● WHAT THIS TASK INVOLVES: Once the line containing "If you've been" is found in the data below, repeat it and every later line exactly, leaving the pictures out.

● DATA:
---*---

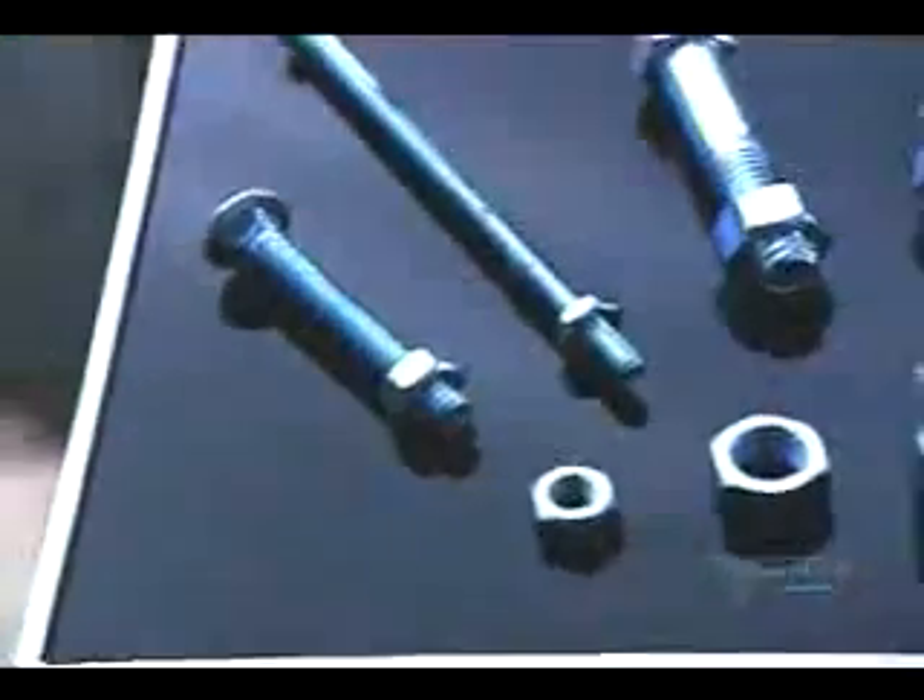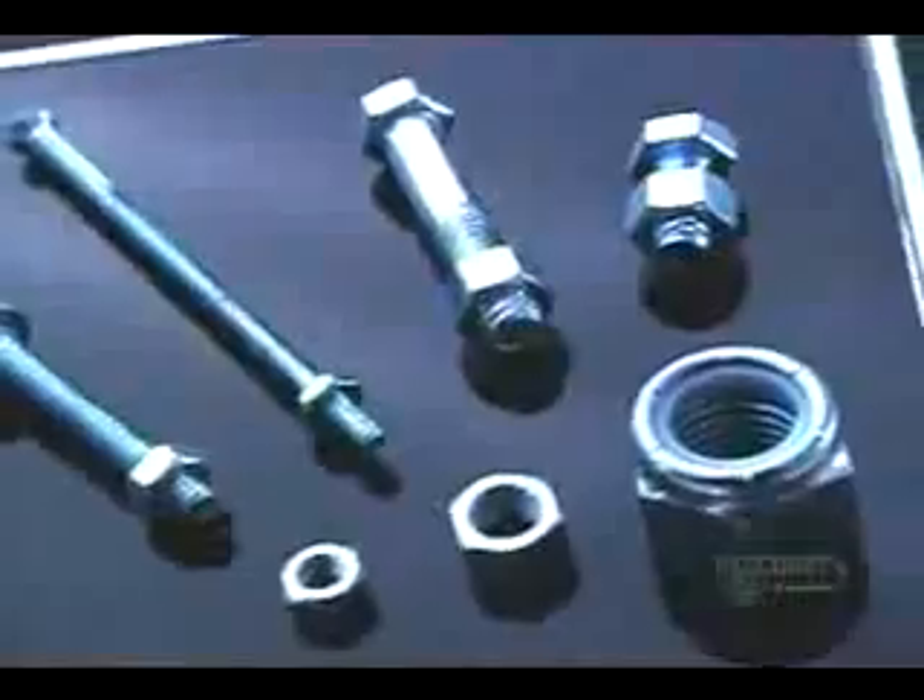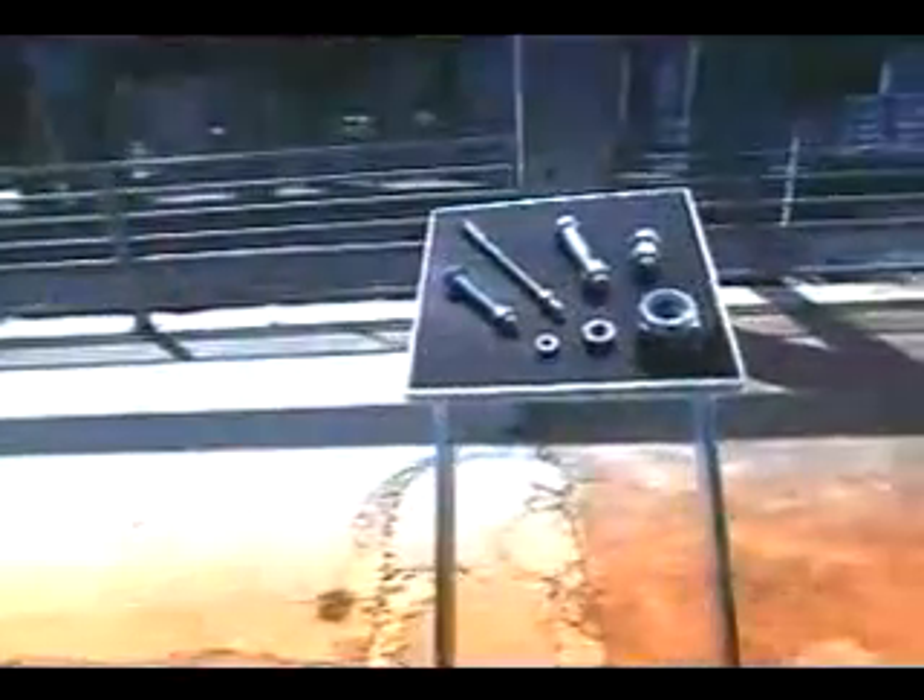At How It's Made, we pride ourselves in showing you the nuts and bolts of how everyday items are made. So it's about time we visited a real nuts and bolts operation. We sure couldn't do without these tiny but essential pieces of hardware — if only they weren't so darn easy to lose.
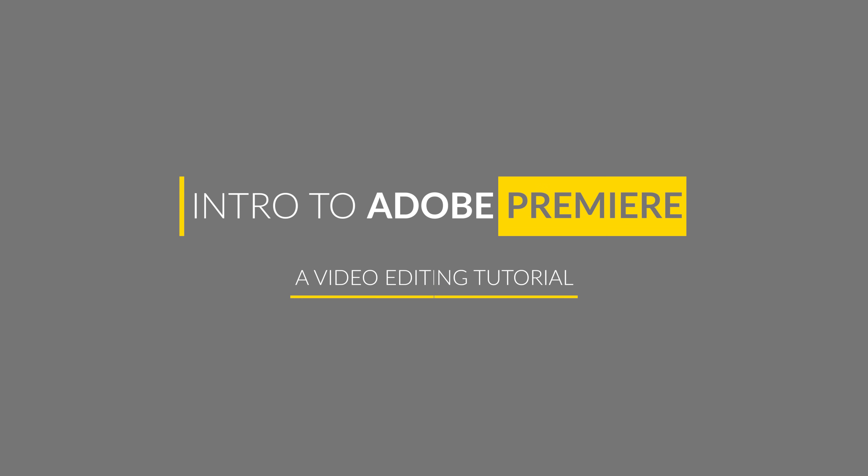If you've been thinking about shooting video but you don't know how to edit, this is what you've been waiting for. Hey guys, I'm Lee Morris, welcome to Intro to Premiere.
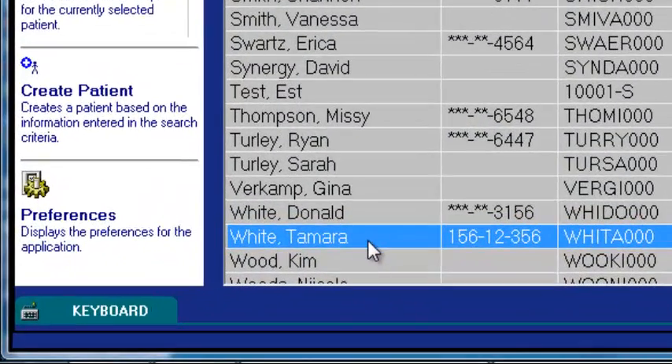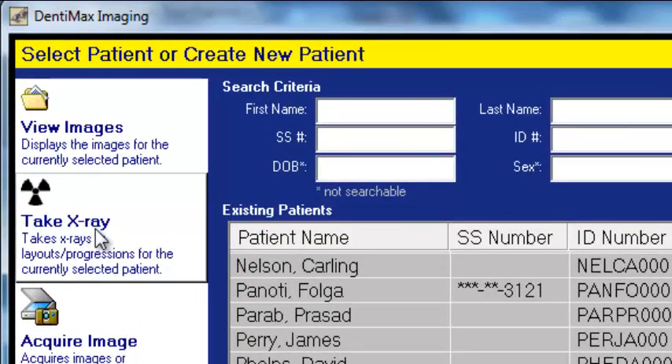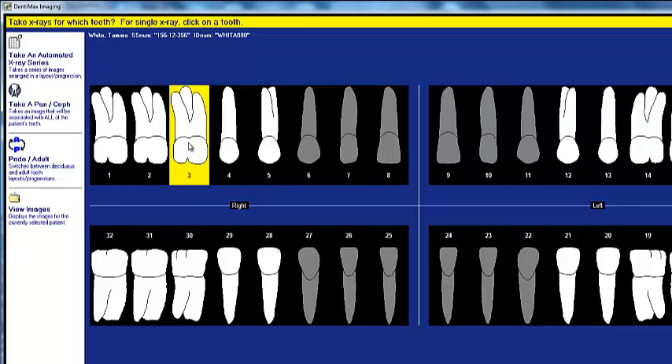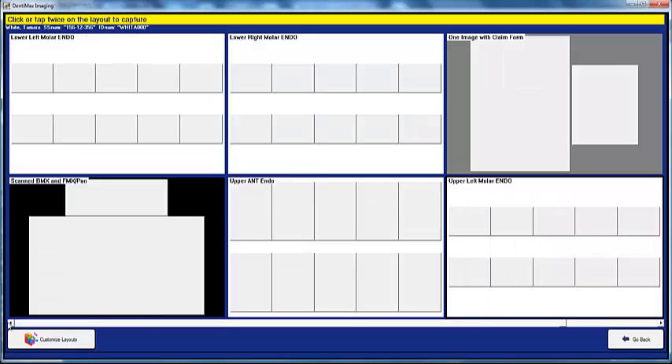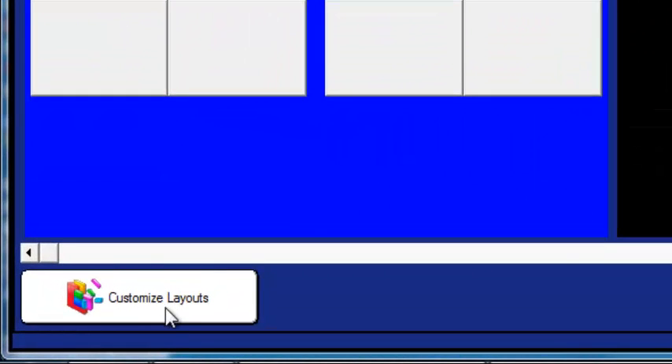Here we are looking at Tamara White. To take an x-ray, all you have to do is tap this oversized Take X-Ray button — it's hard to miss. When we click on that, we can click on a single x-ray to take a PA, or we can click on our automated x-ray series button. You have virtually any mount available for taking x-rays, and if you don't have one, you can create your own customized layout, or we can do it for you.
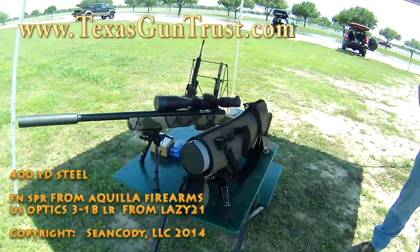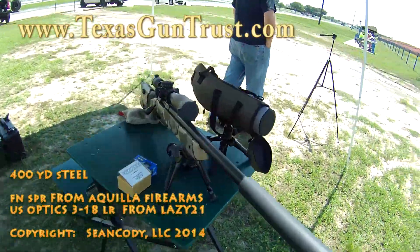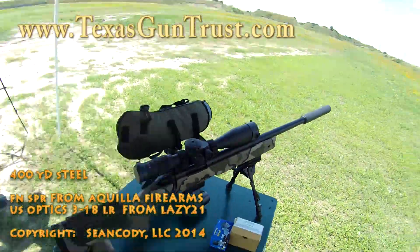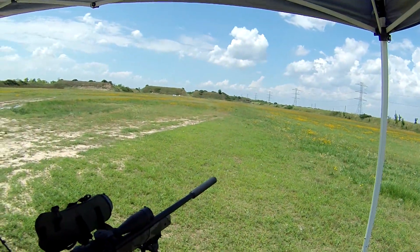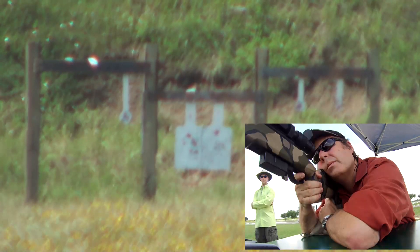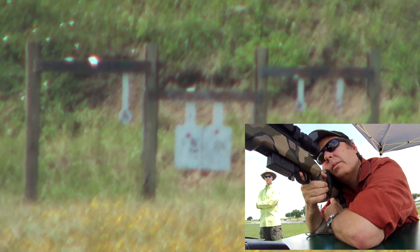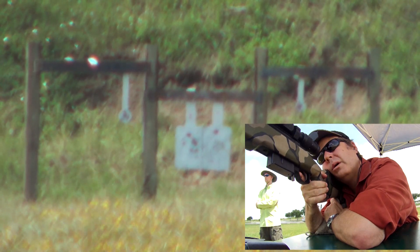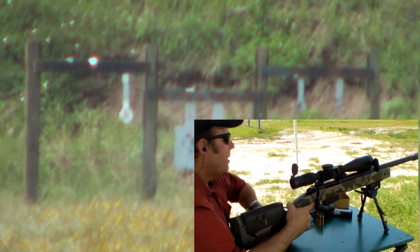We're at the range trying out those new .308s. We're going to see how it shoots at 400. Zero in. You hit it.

---*---

● SOLUTION FOR THIS EXERCISE:
If you've been thinking about shooting video but you don't know how to edit, this is what you've been waiting for. Hey guys, I'm Lee Morris, welcome to Intro to Premiere.
Here we are looking at Tamara White. To take an x-ray, all you have to do is tap this oversized Take X-Ray button — it's hard to miss. When we click on that, we can click on a single x-ray to take a PA, or we can click on our automated x-ray series button. You have virtually any mount available for taking x-rays, and if you don't have one, you can create your own customized layout, or we can do it for you.
We're at the range trying out those new .308s. We're going to see how it shoots at 400. Zero in. You hit it.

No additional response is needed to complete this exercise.